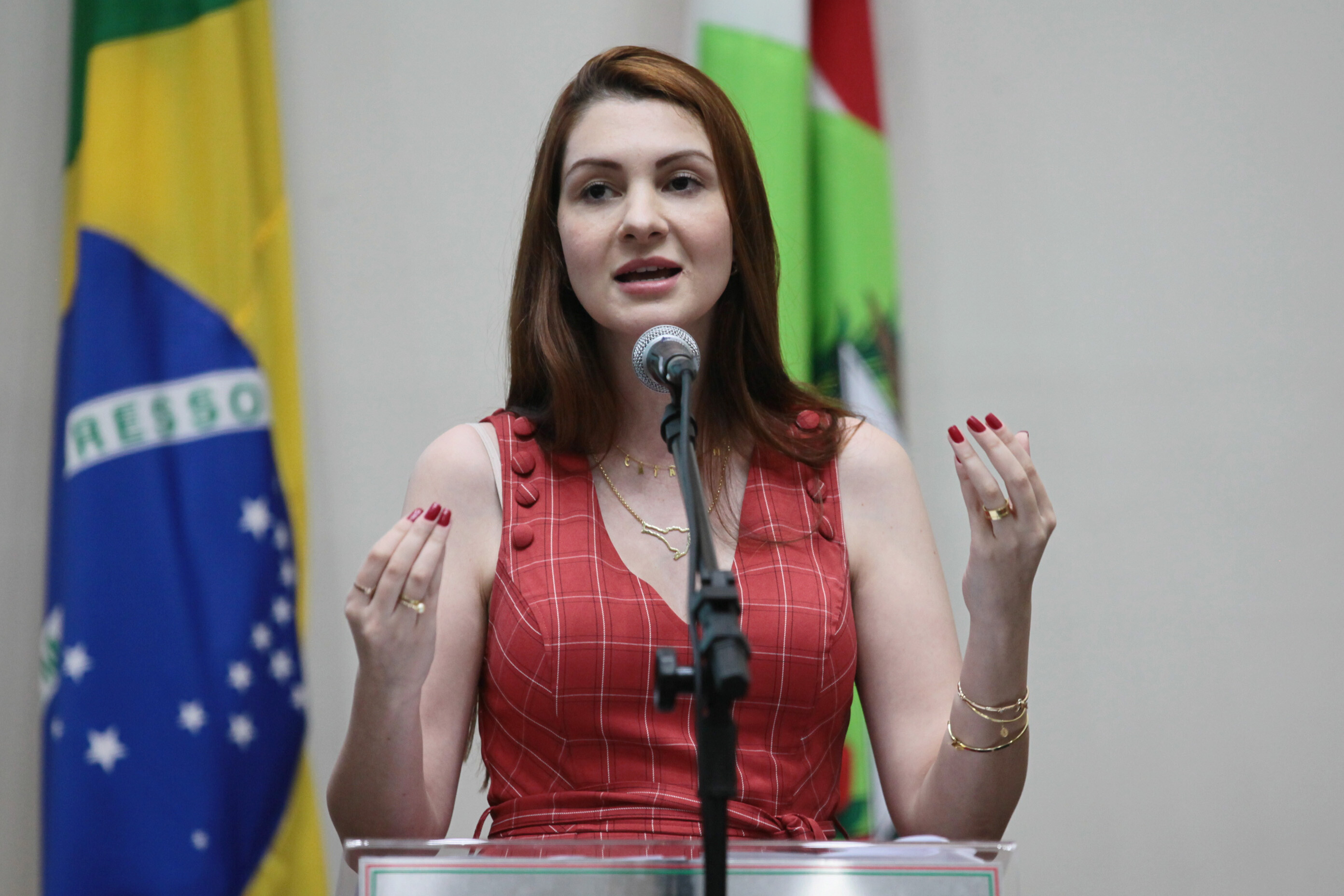 Campagnolo apresenta PL do Lockdown à comitiva de Itajaí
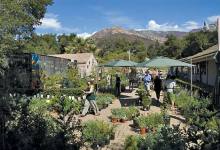 SBBG’s Fall Flora Sale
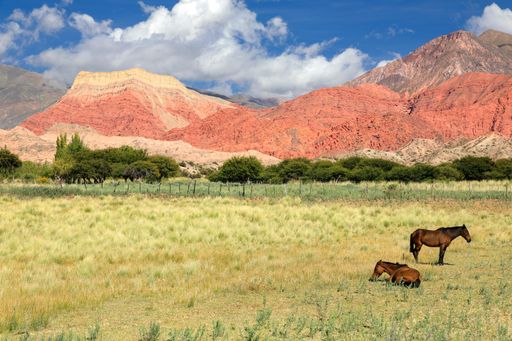 The two horses peacefully graze in a grassy field with red and brown mountains in the background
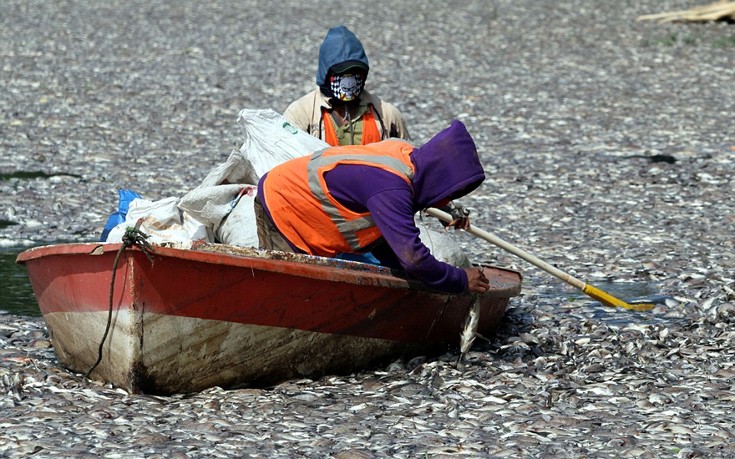indonesia6 indonesia6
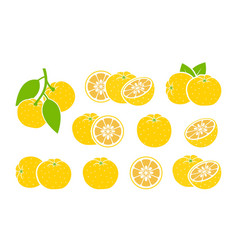 Yuzu Fruit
****************
» **What you are asked to do**: Give every record again without changing a word. Exclude the pictures.

» **Problem solution**:
 Campagnolo apresenta PL do Lockdown à comitiva de Itajaí
 SBBG’s Fall Flora Sale
 The two horses peacefully graze in a grassy field with red and brown mountains in the background
indonesia6 indonesia6
 Yuzu Fruit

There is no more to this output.